■ **Short web captions**
↓↓↓

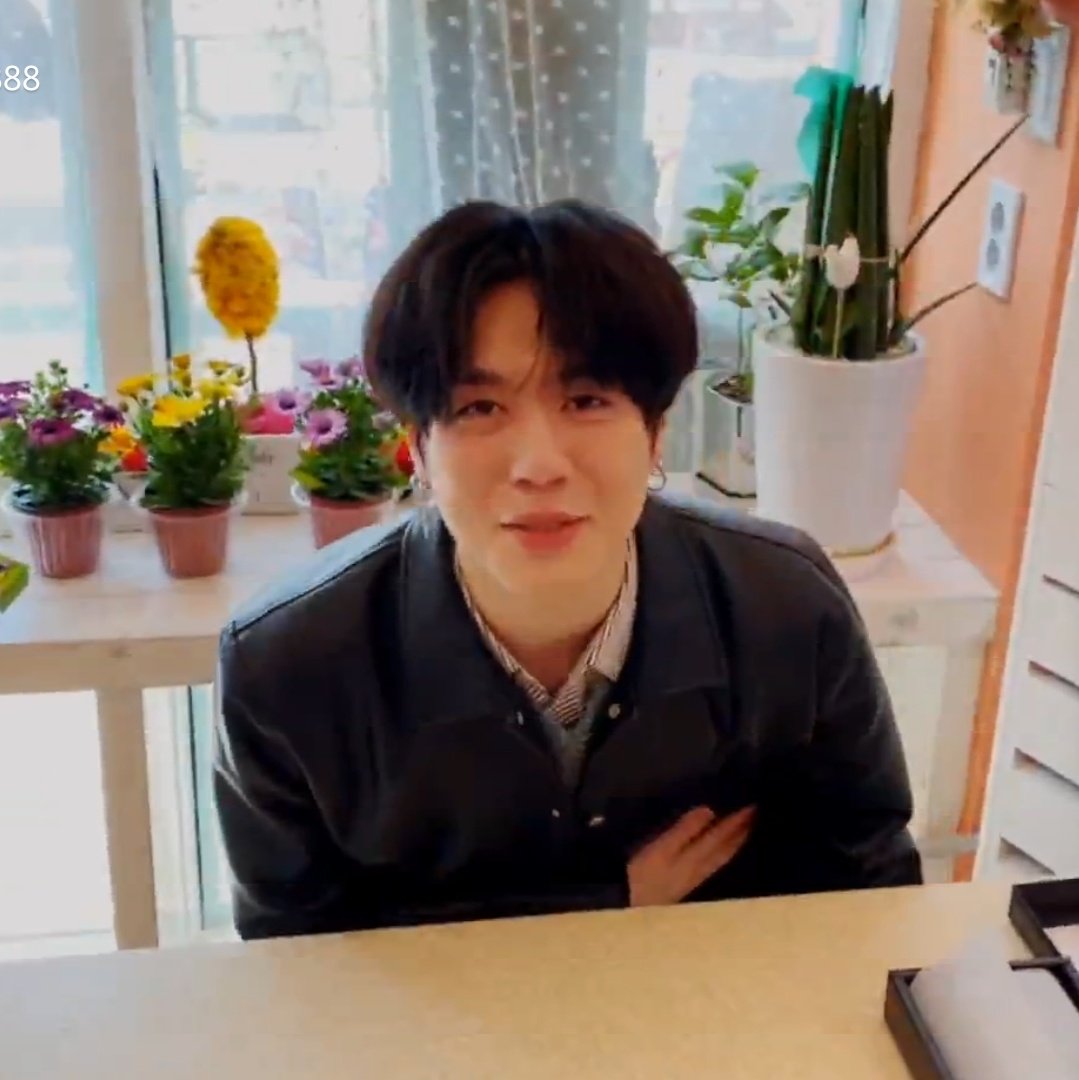 jaybeom7's tweet image. Resumen del vlive de Yugyeom quería estornudar pero no lo hizo

FIN 
~pobre mi bebé con su alergia 🥺❤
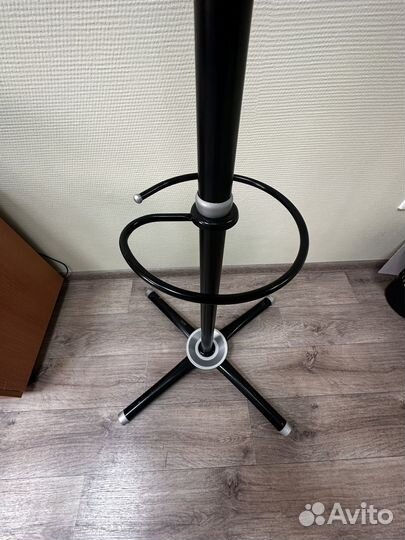 Вешалка напольная металлическая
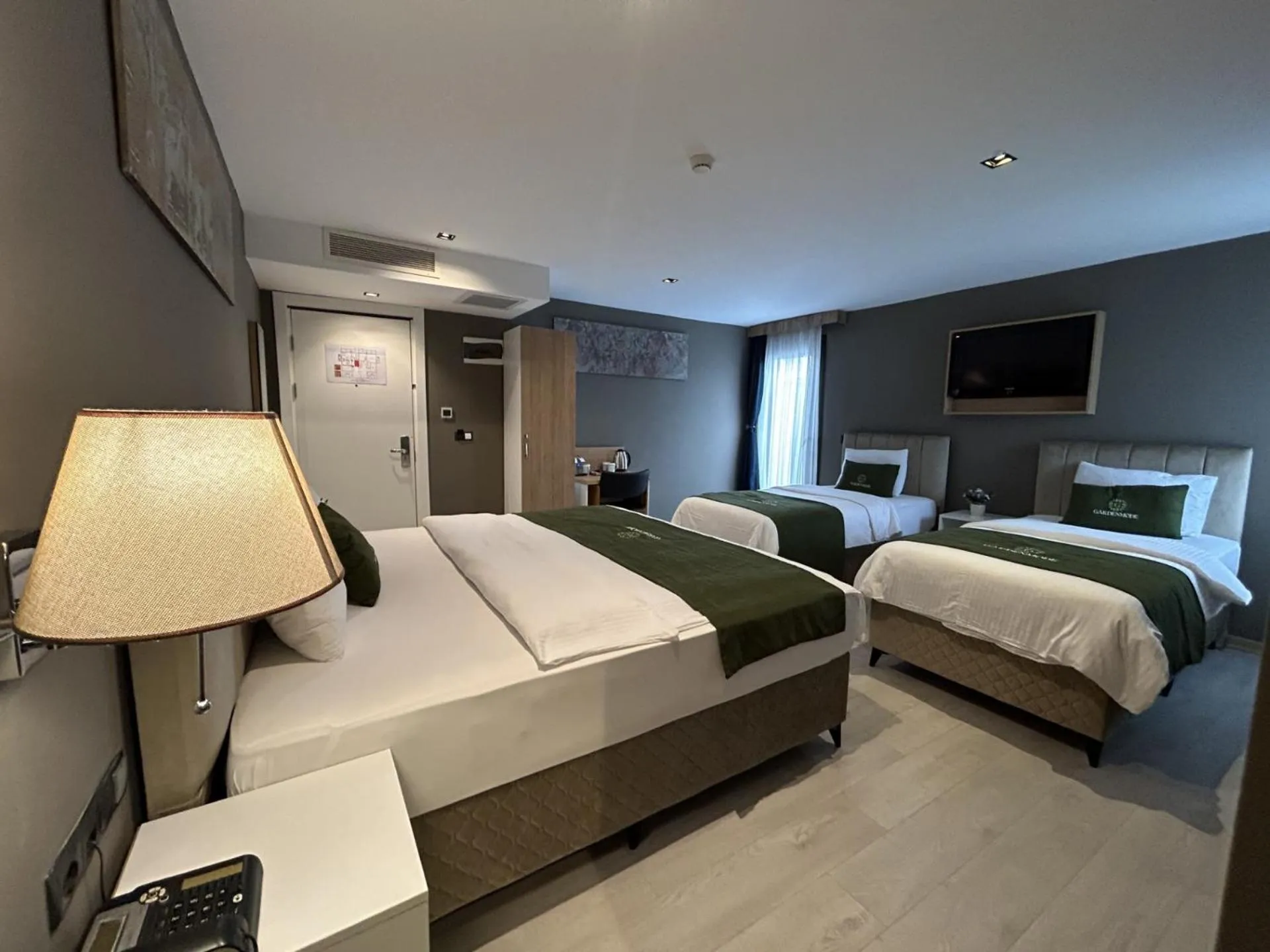 Bed in Gardenmode Airport Hotel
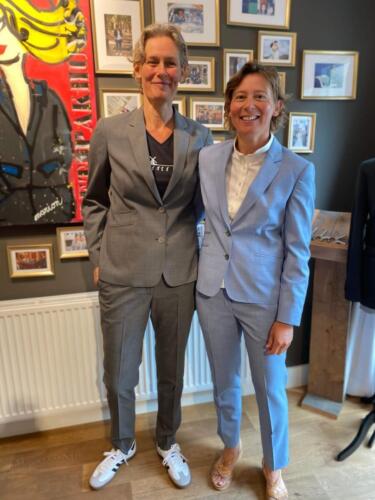 Trouwpakken-voor-vrouwen-op-maat-gemaakt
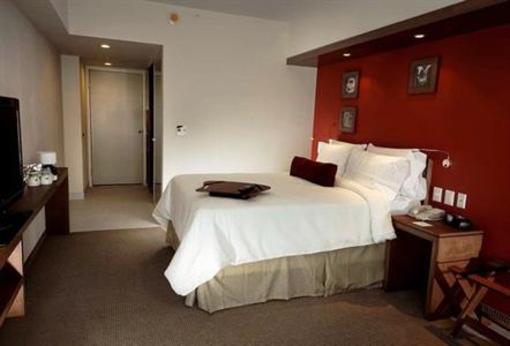 фото отеля Hampton Inn by Hilton Guadalajara Expo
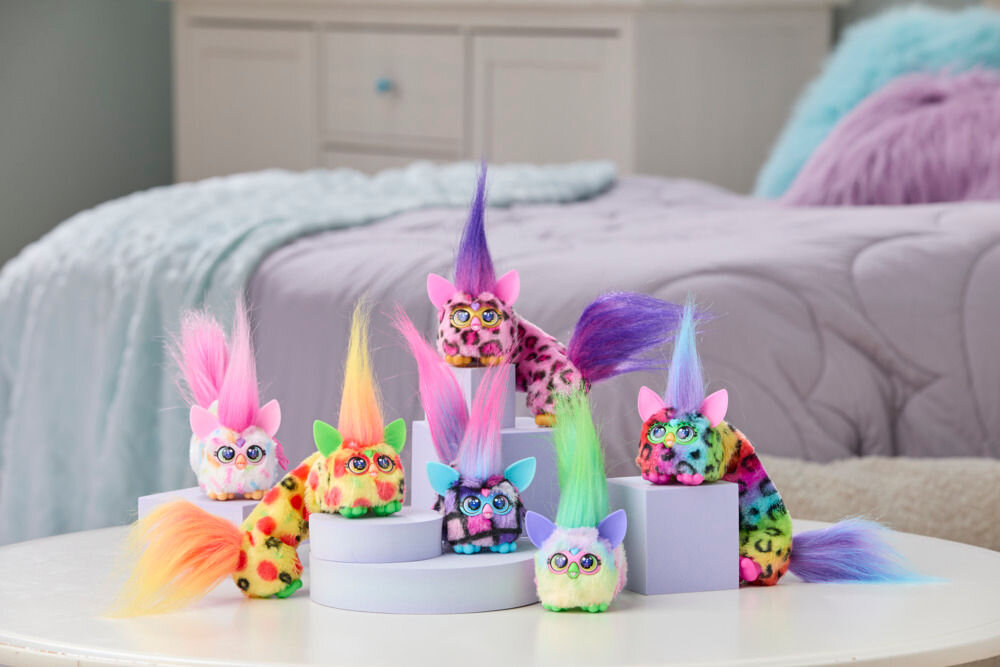 Maskotka HASBRO Furby DJ Furblets Pepp-Oh-Roni G17845X0 Grupa sześciu różnych postaci Furby Furblets o neonowych kolorach i puszystych ogonach wyeksponowana w dziecięcym pokoju.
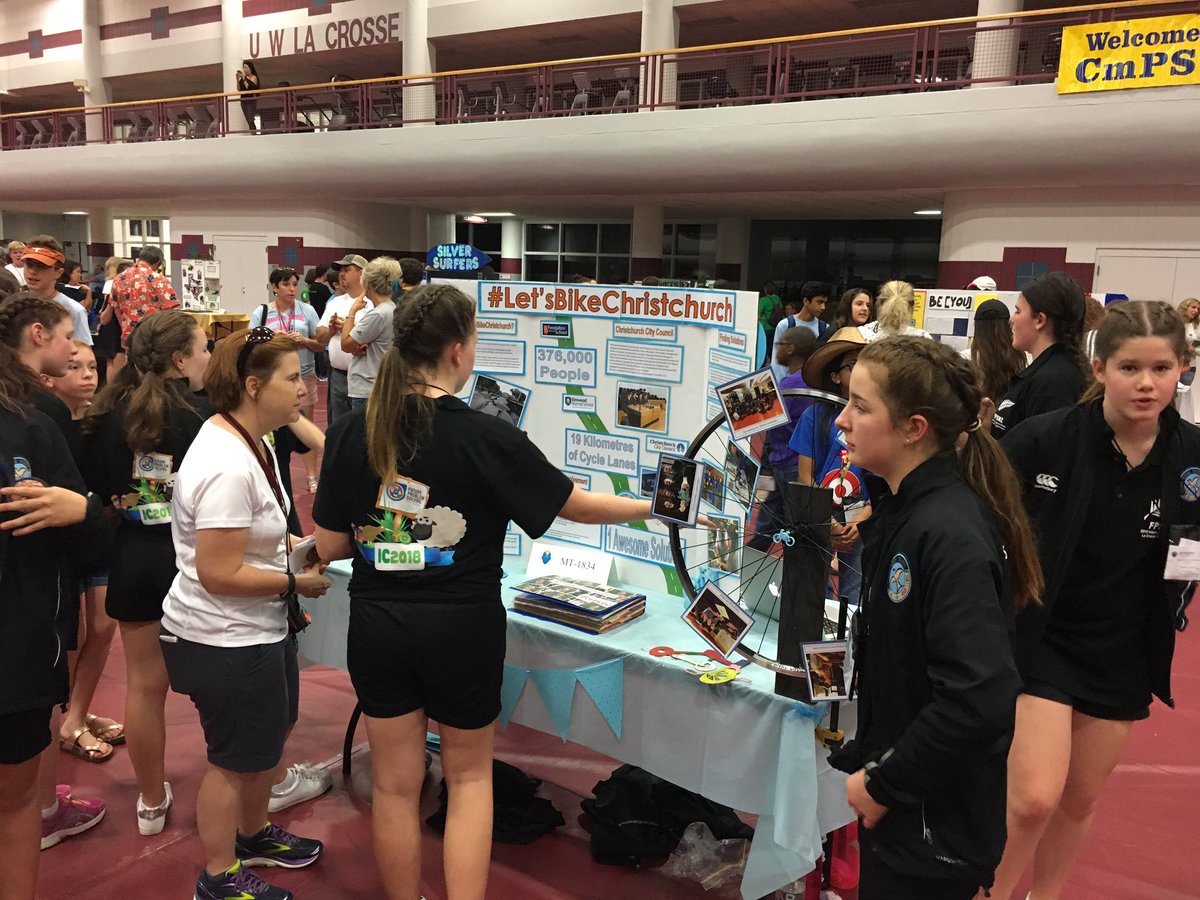 FlaglerFPS's tweet image. Loved chatting with this group from New Zealand. We live through hurricanes, they experienced a 7.2 earthquake and are helping their community!  @FPSPI @Boz23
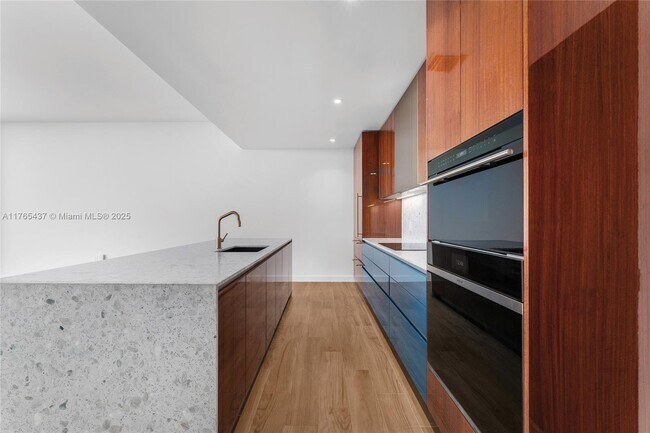 Photo - 2678 Tigertail Ave Unidad 502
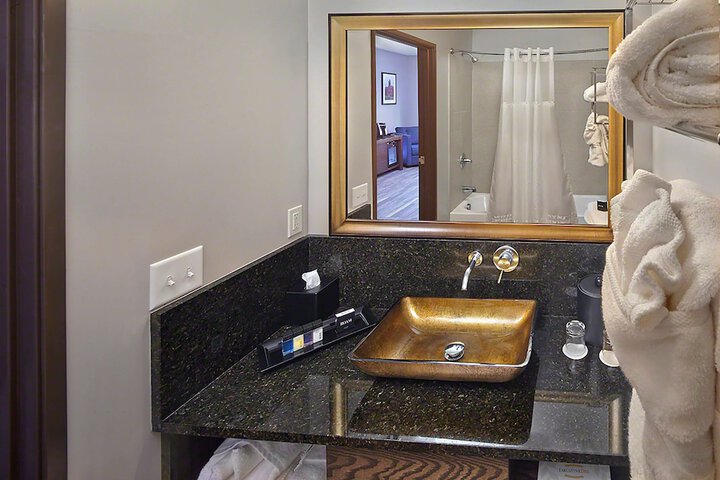 Room 6 of 26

↑↑↑

■ **WORK ORDER**
With the images removed, give back every entry exactly as shown.

■ **SOLUTION**
 jaybeom7's tweet image. Resumen del vlive de Yugyeom quería estornudar pero no lo hizo

FIN 
~pobre mi bebé con su alergia 🥺❤
 Вешалка напольная металлическая
 Bed in Gardenmode Airport Hotel
 Trouwpakken-voor-vrouwen-op-maat-gemaakt
 фото отеля Hampton Inn by Hilton Guadalajara Expo
 Maskotka HASBRO Furby DJ Furblets Pepp-Oh-Roni G17845X0 Grupa sześciu różnych postaci Furby Furblets o neonowych kolorach i puszystych ogonach wyeksponowana w dziecięcym pokoju.
 FlaglerFPS's tweet image. Loved chatting with this group from New Zealand. We live through hurricanes, they experienced a 7.2 earthquake and are helping their community!  @FPSPI @Boz23
 Photo - 2678 Tigertail Ave Unidad 502
 Room 6 of 26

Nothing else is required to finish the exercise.